A Forest of Generations

Jeanette Leardi writes for multiple magazines and media outlets, including Next Avenue, and is a social gerontologist. At ASA she’s known for keeping us on our toes as she is the first person to ferret out any and all unintentionally ageist phrasing or photographs. She recently published a book, Aging Sideways, Changing Our Perspectives on Getting Older, which is a primer on all things ageist—viewing classic topics from an unusual vantage point. Leardi tells an engaging tale, which is why the lessons in this book are likely to stick. We say give it a read. Below is a short excerpt.


 

As humans with complex brains, we’re born with the instinctive ability to find or create meanings for everything we experience. A huge part of this ability is the tendency to categorize things, mainly because naming something or putting it in a particular box allows us to feel a sense of security, stability, and control over it.

Obviously, people are not things. We’re far more diverse and complex and tend to defy any labels that others want to assign to us. However, it’s as if we can’t help categorizing one another by race, gender, ability, ethnicity, nationality, sexual orientation, socioeconomic level, or political affiliation … and age. And that last trait involves defining each of us according to our generation.

Those needs for security, stability, and control often intersect with our fear and dread of getting older, making us reluctant to mingle with younger or older cohorts and envious or suspicious of what we assume to be their greater ambition or their greater wealth at the expense of our own. When we give into those zero-sum assumptions, the convenience of embracing generational definitions takes on a darker purpose as corporations in the billion-dollar industries of age-restricted retirement villages, high technology, and anti-aging products/services play on our views and promote generational warfare.

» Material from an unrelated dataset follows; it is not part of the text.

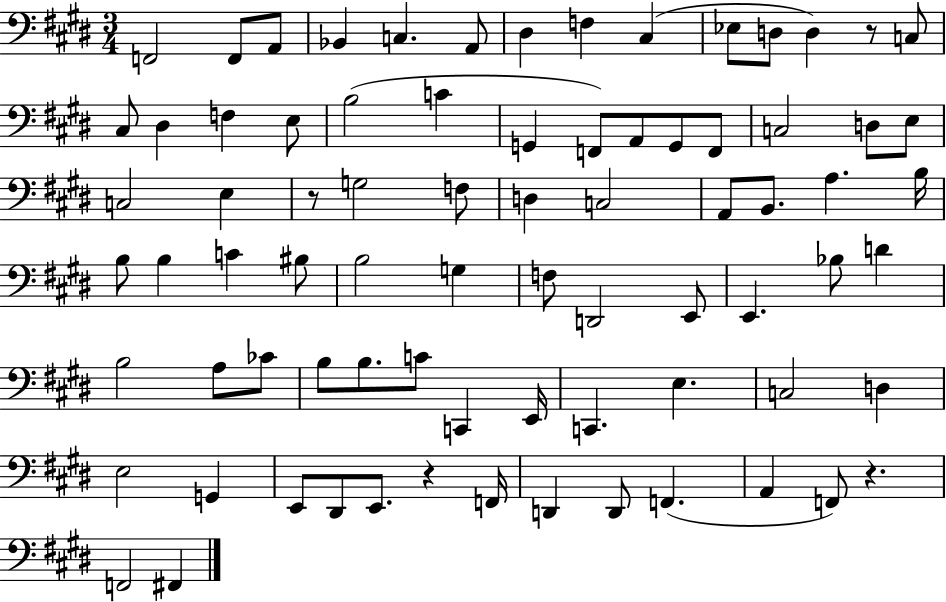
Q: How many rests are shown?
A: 4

When, if at all, is it accurate and therefore acceptable to generalize about generations? Are attributing stereotypes to their experiences, preferences, and behavior valid, or does this instead promote misunderstanding, polarization, and ageism?

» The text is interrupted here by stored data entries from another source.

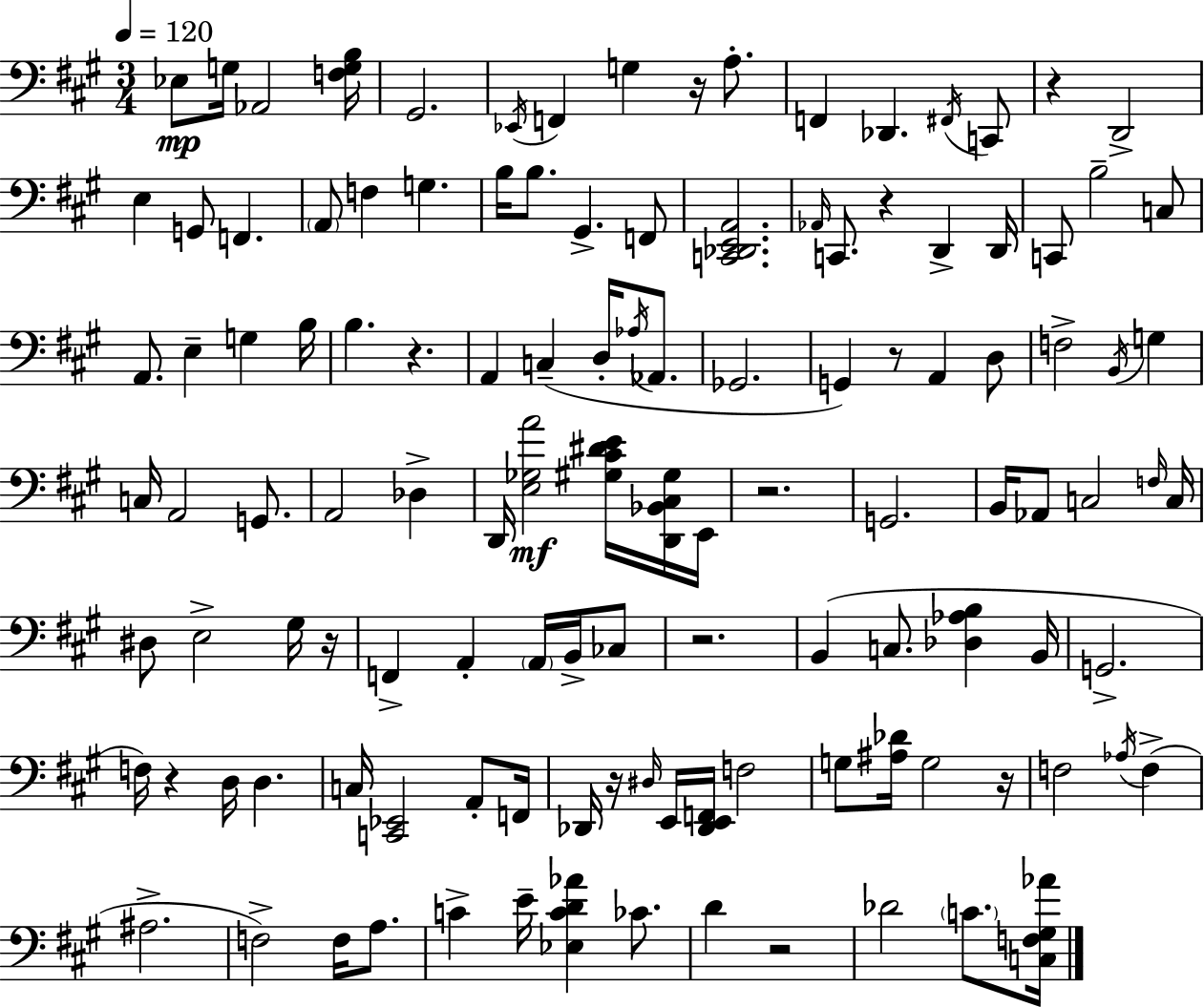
X:1
T:Untitled
M:3/4
L:1/4
K:A
_E,/2 G,/4 _A,,2 [F,G,B,]/4 ^G,,2 _E,,/4 F,, G, z/4 A,/2 F,, _D,, ^F,,/4 C,,/2 z D,,2 E, G,,/2 F,, A,,/2 F, G, B,/4 B,/2 ^G,, F,,/2 [C,,_D,,E,,A,,]2 _A,,/4 C,,/2 z D,, D,,/4 C,,/2 B,2 C,/2 A,,/2 E, G, B,/4 B, z A,, C, D,/4 _A,/4 _A,,/2 _G,,2 G,, z/2 A,, D,/2 F,2 B,,/4 G, C,/4 A,,2 G,,/2 A,,2 _D, D,,/4 [E,_G,A]2 [^G,^C^DE]/4 [D,,_B,,^C,^G,]/4 E,,/4 z2 G,,2 B,,/4 _A,,/2 C,2 F,/4 C,/4 ^D,/2 E,2 ^G,/4 z/4 F,, A,, A,,/4 B,,/4 _C,/2 z2 B,, C,/2 [_D,_A,B,] B,,/4 G,,2 F,/4 z D,/4 D, C,/4 [C,,_E,,]2 A,,/2 F,,/4 _D,,/4 z/4 ^D,/4 E,,/4 [_D,,E,,F,,]/4 F,2 G,/2 [^A,_D]/4 G,2 z/4 F,2 _A,/4 F, ^A,2 F,2 F,/4 A,/2 C E/4 [_E,CD_A] _C/2 D z2 _D2 C/2 [C,F,^G,_A]/4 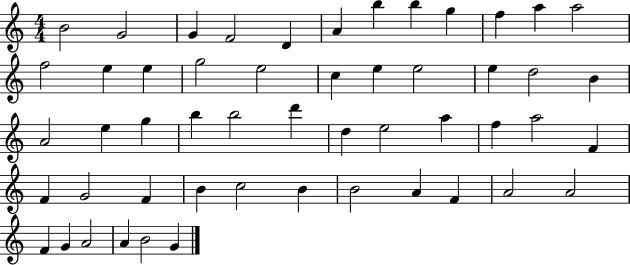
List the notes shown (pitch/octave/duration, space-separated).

B4/h G4/h G4/q F4/h D4/q A4/q B5/q B5/q G5/q F5/q A5/q A5/h F5/h E5/q E5/q G5/h E5/h C5/q E5/q E5/h E5/q D5/h B4/q A4/h E5/q G5/q B5/q B5/h D6/q D5/q E5/h A5/q F5/q A5/h F4/q F4/q G4/h F4/q B4/q C5/h B4/q B4/h A4/q F4/q A4/h A4/h F4/q G4/q A4/h A4/q B4/h G4/q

I’ve been wrestling with these questions for a long time, and I think I’ve arrived at an analogy that provides some good answers.

We have created a society of monocultures that experience extraordinarily little intergenerational interaction.

All of us of any age are like trees growing in the same forest: old trees, midlife trees, saplings, seedlings, evergreen, deciduous, tall, short, wide-trunked, narrow-trunked, of many varied species. Some trees needing more sunlight or water than others. Some trees pushing their roots deep into the soil and others spreading their roots wider and closer to the surface. You get the picture.

Now consider two other scenes. Instead of a huge, diverse forest, picture a Christmas tree farm and an apple orchard. Within both places grow trees of the same variety and roughly the same age and tendencies, coexisting together with no other arboreal species around.

The farm and orchard surely have their limited purposes and advantages. They yield considerable amounts of a specific crop and are easy to manage. I’m not saying that they shouldn’t exist. But such plantings aren’t natural. Their lack of diversity erodes the soil and depletes it of nutrients that must be deliberately and continually supplemented. They are less able to fight off diseases and pests. For these reasons, such artificially constructed monocultures shouldn’t be the norm but rather the exception.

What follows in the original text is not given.